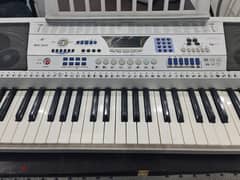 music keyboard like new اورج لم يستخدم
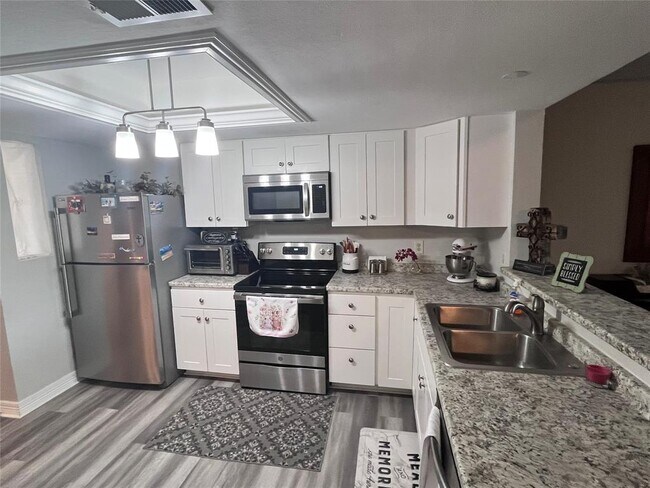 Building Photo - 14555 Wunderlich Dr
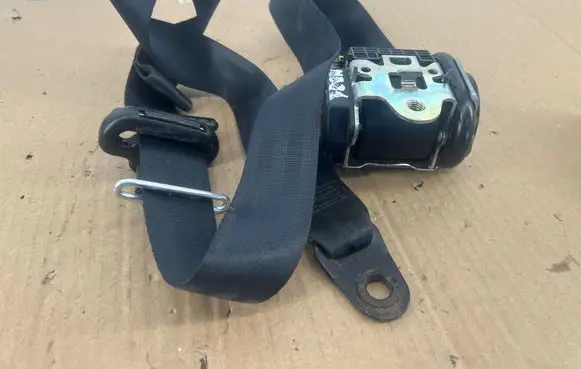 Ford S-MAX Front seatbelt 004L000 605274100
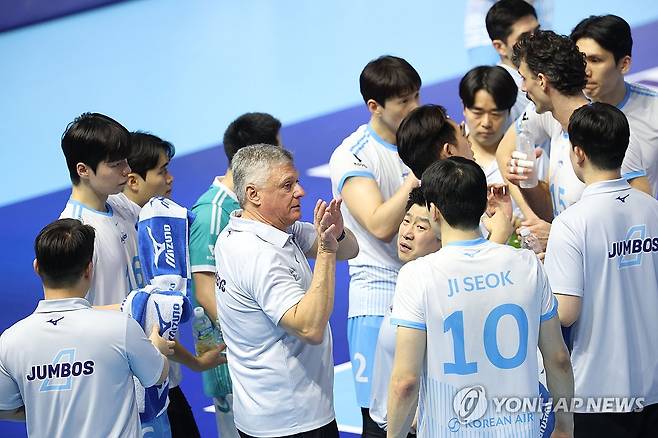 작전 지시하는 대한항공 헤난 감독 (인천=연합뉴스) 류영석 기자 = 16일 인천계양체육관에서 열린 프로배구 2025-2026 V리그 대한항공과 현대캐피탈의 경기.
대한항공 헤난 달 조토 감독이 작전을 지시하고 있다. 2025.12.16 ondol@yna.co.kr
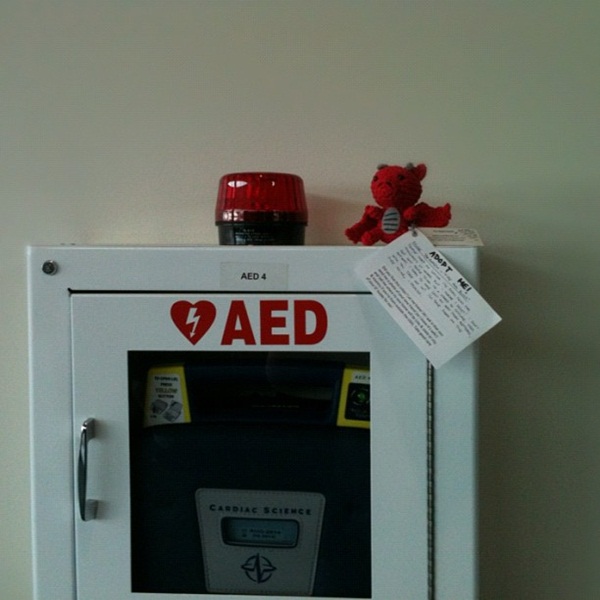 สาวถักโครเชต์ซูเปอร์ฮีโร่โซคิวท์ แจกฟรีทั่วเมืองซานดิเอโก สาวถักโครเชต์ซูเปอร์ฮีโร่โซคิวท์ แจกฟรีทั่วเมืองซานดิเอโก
^^^^^^^^^^^^^^^^
TASK STATEMENT:
These entries are to be printed again word for word, except for the pictures.

FINISHED TASK:
 music keyboard like new اورج لم يستخدم
 Building Photo - 14555 Wunderlich Dr
 Ford S-MAX Front seatbelt 004L000 605274100
 작전 지시하는 대한항공 헤난 감독 (인천=연합뉴스) 류영석 기자 = 16일 인천계양체육관에서 열린 프로배구 2025-2026 V리그 대한항공과 현대캐피탈의 경기.
대한항공 헤난 달 조토 감독이 작전을 지시하고 있다. 2025.12.16 ondol@yna.co.kr
 สาวถักโครเชต์ซูเปอร์ฮีโร่โซคิวท์ แจกฟรีทั่วเมืองซานดิเอโก สาวถักโครเชต์ซูเปอร์ฮีโร่โซคิวท์ แจกฟรีทั่วเมืองซานดิเอโก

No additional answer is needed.